The Drudge link generated some modest traffic. So far, so straightforward. But then Drudge got hold of the paper itself.
That main photo (of Clinton walking with aide Huma Abedin) is captioned: “Hillary Clinton has been accused of having an affair with Huma Abedin.” And, on the strength of that caption, the story made Drudge’s main page.
DON’T GO THERE: BRIT PAPER STARTS ‘UGLIEST MONTH’
Sun Nov 25 2007 20:45:12 ETThe TIMES of London starts ‘The Ugliest Month’ with a full page photo takeout on Hillary Clinton and her beautiful personal assistant.
“Hillary Clinton has been accused of having an affair with Huma Abedin,” reads the caption.
The splash stunned British readers and angered campaign insiders.

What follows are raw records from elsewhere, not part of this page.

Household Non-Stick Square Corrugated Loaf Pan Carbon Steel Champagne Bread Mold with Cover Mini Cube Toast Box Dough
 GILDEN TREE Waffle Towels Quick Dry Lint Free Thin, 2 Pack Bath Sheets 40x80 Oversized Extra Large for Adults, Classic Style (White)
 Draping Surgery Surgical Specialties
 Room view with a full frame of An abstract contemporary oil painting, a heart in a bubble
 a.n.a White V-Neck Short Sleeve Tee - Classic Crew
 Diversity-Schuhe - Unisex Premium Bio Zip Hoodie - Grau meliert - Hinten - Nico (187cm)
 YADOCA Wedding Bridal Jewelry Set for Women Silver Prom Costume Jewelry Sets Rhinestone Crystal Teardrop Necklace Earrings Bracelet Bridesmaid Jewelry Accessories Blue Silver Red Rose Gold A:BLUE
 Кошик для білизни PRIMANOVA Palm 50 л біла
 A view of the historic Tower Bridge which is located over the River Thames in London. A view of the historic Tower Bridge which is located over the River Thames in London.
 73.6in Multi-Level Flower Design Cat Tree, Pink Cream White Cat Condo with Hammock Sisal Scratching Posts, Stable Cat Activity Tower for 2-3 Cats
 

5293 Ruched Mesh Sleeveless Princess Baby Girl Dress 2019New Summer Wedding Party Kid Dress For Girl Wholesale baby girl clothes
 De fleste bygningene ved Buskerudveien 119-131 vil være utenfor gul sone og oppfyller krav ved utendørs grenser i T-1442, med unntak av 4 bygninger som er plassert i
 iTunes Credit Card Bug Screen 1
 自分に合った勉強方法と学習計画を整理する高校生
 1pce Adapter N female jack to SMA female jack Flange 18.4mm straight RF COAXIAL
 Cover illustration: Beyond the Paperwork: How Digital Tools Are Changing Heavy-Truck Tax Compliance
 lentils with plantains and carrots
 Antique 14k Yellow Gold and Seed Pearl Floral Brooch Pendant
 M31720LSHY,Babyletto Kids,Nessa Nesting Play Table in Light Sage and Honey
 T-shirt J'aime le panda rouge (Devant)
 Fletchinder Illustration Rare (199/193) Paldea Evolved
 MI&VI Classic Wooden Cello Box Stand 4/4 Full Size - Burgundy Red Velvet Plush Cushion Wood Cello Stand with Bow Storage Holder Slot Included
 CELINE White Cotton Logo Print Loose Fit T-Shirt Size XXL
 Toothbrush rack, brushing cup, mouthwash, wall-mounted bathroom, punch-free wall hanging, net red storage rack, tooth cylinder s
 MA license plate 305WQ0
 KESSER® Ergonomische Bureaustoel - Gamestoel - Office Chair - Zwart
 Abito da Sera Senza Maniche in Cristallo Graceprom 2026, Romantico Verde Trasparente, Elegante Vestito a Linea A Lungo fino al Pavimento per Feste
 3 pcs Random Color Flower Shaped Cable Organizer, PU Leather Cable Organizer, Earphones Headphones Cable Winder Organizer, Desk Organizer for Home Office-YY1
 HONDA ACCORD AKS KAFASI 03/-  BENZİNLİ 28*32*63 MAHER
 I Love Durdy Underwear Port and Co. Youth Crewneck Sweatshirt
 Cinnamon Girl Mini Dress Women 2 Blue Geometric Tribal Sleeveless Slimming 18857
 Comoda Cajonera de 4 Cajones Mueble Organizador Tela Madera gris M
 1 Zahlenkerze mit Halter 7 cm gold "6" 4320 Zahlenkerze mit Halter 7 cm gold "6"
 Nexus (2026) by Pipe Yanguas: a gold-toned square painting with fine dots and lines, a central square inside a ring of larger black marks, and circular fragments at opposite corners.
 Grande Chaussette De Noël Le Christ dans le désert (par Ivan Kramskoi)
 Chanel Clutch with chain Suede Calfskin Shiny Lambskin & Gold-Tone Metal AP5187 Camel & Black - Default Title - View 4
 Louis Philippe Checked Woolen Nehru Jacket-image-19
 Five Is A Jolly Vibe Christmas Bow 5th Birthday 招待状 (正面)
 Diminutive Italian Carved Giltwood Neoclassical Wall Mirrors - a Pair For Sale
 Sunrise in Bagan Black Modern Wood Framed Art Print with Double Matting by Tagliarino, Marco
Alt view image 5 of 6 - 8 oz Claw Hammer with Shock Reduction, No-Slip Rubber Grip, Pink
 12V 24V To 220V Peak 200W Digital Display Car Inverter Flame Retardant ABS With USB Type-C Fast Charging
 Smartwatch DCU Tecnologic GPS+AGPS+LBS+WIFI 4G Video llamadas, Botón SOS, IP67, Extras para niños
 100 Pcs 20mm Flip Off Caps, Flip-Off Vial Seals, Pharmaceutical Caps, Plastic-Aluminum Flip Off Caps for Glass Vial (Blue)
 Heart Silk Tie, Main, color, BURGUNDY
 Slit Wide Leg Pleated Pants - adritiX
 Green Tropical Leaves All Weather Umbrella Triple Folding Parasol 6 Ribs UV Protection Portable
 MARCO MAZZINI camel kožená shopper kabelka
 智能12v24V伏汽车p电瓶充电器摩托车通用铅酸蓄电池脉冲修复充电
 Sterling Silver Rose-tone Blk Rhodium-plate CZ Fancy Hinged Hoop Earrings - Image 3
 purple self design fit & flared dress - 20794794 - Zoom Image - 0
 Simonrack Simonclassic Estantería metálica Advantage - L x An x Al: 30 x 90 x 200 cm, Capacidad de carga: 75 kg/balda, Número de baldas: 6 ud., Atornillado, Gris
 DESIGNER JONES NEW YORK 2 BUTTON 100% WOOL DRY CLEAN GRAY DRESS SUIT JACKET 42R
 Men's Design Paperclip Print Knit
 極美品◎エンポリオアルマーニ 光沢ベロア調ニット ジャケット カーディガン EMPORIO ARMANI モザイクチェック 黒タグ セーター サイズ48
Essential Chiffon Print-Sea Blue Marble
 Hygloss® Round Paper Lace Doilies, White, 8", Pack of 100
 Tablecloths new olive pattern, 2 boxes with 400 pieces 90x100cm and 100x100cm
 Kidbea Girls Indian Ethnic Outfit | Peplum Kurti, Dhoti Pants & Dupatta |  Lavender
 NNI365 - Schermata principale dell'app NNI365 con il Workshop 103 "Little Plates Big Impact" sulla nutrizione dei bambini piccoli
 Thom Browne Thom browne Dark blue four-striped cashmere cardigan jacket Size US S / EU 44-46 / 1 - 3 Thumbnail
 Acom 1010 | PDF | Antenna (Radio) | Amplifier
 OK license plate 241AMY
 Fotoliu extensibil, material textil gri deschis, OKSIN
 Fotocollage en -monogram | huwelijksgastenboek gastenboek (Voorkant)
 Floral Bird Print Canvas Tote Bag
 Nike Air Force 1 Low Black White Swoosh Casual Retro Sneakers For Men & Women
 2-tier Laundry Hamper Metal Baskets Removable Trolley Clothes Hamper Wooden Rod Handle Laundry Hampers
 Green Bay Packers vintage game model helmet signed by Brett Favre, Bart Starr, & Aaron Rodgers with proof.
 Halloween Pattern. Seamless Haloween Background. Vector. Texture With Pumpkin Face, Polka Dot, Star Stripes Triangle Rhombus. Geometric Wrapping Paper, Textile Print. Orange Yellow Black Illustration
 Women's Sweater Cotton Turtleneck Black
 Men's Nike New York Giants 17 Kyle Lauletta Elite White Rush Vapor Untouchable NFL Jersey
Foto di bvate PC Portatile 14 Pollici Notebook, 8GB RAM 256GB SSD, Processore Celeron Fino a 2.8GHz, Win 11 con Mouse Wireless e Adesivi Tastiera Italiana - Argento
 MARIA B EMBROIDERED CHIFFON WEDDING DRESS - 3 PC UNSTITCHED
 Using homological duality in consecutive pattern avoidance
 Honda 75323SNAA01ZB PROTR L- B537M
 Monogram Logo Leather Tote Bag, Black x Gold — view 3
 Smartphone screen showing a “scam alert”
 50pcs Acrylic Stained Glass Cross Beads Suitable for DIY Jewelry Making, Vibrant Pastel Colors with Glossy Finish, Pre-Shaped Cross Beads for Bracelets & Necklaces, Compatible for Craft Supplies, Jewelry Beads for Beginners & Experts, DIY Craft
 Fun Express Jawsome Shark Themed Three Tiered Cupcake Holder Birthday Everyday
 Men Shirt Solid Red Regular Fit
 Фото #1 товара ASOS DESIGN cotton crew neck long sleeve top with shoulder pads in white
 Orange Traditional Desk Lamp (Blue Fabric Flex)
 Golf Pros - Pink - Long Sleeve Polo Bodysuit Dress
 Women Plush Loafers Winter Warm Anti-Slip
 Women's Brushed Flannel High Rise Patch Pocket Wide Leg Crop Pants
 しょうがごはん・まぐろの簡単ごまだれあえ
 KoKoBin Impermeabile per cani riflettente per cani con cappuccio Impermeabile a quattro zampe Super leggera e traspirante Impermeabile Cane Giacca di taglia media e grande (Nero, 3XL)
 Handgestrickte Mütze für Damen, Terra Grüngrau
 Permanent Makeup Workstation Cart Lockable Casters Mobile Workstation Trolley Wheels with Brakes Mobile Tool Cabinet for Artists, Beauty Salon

“This does not even qualify as tabloid trash… it’s ridiculous and reckless,” a Hillary confidante explained over the weekend.
Taking the whisper from the underground to the overground, the paper made no claims to knowing any truth of the relationship between Hillary and Huma…
But Drudge didn’t link to the original online story that puts the caption into context. So, no extra traffic for the Times.
Is this a little disingenuity by the US site? Or a case of not looking back to see that – caption aside – this is in fact the same story you already linked to?
Still leaving politics to one side – with David Montgomery dissing sub-editors, what better illustration of their ability to sell stories than this?
And finally, a print edition that could have driven online traffic (well, almost).